Plano de assistência funerária é contrato de longa duração, pago mês a mês, sem que o titular use o serviço enquanto estiver vivo. Quando a decisão é cancelar — por dificuldade financeira, insatisfação com a empresa ou simples mudança de prioridade — surge a dúvida sobre o que acontece com anos de contribuição: a empresa pode simplesmente ficar com tudo, alegando que o serviço estava disponível mesmo sem ter sido usado?
Cláusula que impede qualquer devolução costuma ser nula
O art. 51, II, da Lei 8.078/1990 considera nula a cláusula que subtraia do consumidor a opção de reembolso da quantia já paga, nos casos previstos no próprio Código. Combinado com o art. 51, IV, que veda obrigações iníquas e de desvantagem exagerada, esse conjunto normativo sustenta que uma cláusula de perda total das parcelas pagas — sem qualquer devolução, mesmo após anos de contribuição — tende a ser considerada abusiva quando aplicada de forma automática, sem espaço para análise do caso concreto.
Por que esse contrato é diferente de uma compra parcelada comum
O plano funerário não é compra de um bem determinado parcelado, e sim contrato de trato sucessivo que mantém a disponibilidade de um serviço futuro e incerto quanto à data. Isso significa que a devolução não costuma ser automática e total: o mais comum é discutir devolução proporcional, descontado eventual custo administrativo real da empresa, e não a devolução de 100% do que foi pago — mas também não a perda de 100%, que é o que a cláusula de perda total costuma prever.

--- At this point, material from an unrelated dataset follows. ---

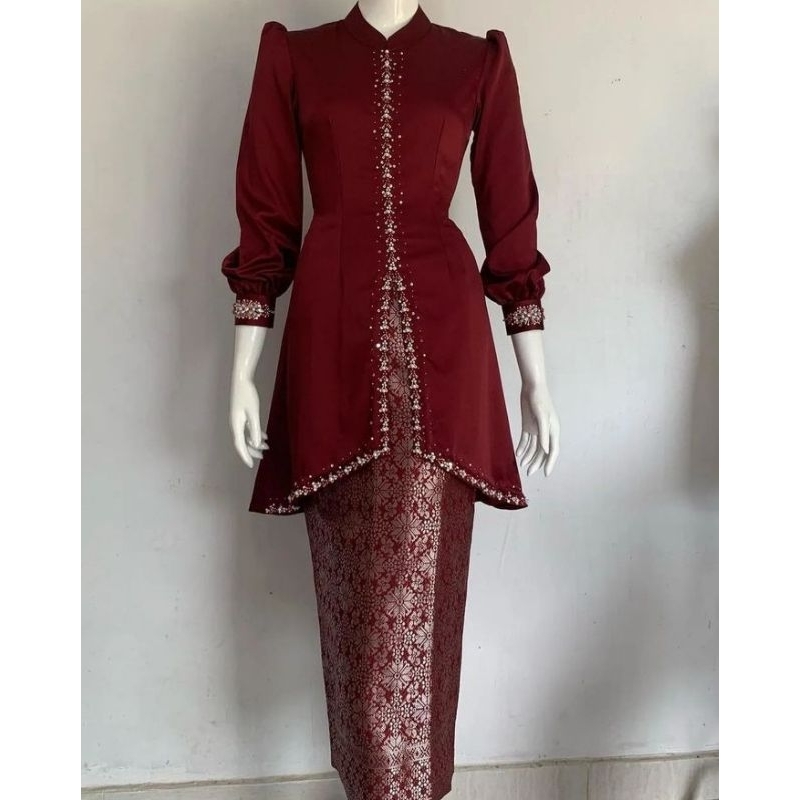 baju kurung melayu modern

Comprovantes que fortalecem o pedido de devolução
Contrato assinado, comprovantes de todos os pagamentos realizados (ou pelo menos o histórico de tempo de contribuição, se os comprovantes mais antigos não estiverem guardados) e a cláusula específica de cancelamento e perda de valores são o ponto de partida. Quanto mais completo o histórico de pagamento, mais preciso fica o cálculo do valor a ser discutido na devolução.
Caminho para negociar ou cobrar a devolução
O pedido de cancelamento deve ser formalizado por escrito, com pedido expresso de devolução proporcional das parcelas pagas, descontado eventual custo administrativo comprovado pela empresa. Se a resposta for negativa ou baseada apenas na cláusula de perda total, cabe reclamar em consumidor.gov.br. Sem solução amigável, a via judicial permite questionar a cláusula de perda total e pedir a devolução proporcional, com a empresa tendo de comprovar, de forma concreta, os custos que justificariam reter parte do valor.
Quando a retenção de parte do valor se sustenta
É razoável que a empresa retenha uma parcela referente a custos administrativos efetivamente comprovados — taxas de adesão, manutenção do cadastro, corretagem paga no momento da venda — desde que consiga demonstrar esses valores de forma concreta, não apenas alegar de forma genérica. O que não se sustenta é a retenção de 100% do valor pago ao longo de anos, sem qualquer prestação de contas sobre o que efetivamente foi gasto com aquele contrato específico.
Exemplo de como o caso costuma se resolver
Um titular que pagou plano funerário por sete anos decide cancelar por dificuldade financeira. A empresa alega cláusula de perda total das parcelas. Ao formalizar o pedido de devolução proporcional e reclamar em consumidor.gov.br, a empresa oferece devolução de parte do valor, descontando uma taxa administrativa que ela justifica com nota da corretagem original — um desfecho intermediário comum quando a cláusula de perda total é questionada com base documental.
Perguntas frequentes
Existe prazo mínimo de contribuição para ter direito a alguma devolução?
Não há prazo mínimo definido em lei para esse direito; o que existe é a vedação à cláusula de perda total, que se aplica independentemente de quanto tempo o titular contribuiu, embora o valor da devolução cresça conforme o tempo de contribuição.
A devolução considera correção monetária sobre os valores pagos há anos?
Sim, o pedido de devolução costuma incluir correção monetária desde cada pagamento, para que o valor discutido reflita o poder de compra da época em que as parcelas foram quitadas.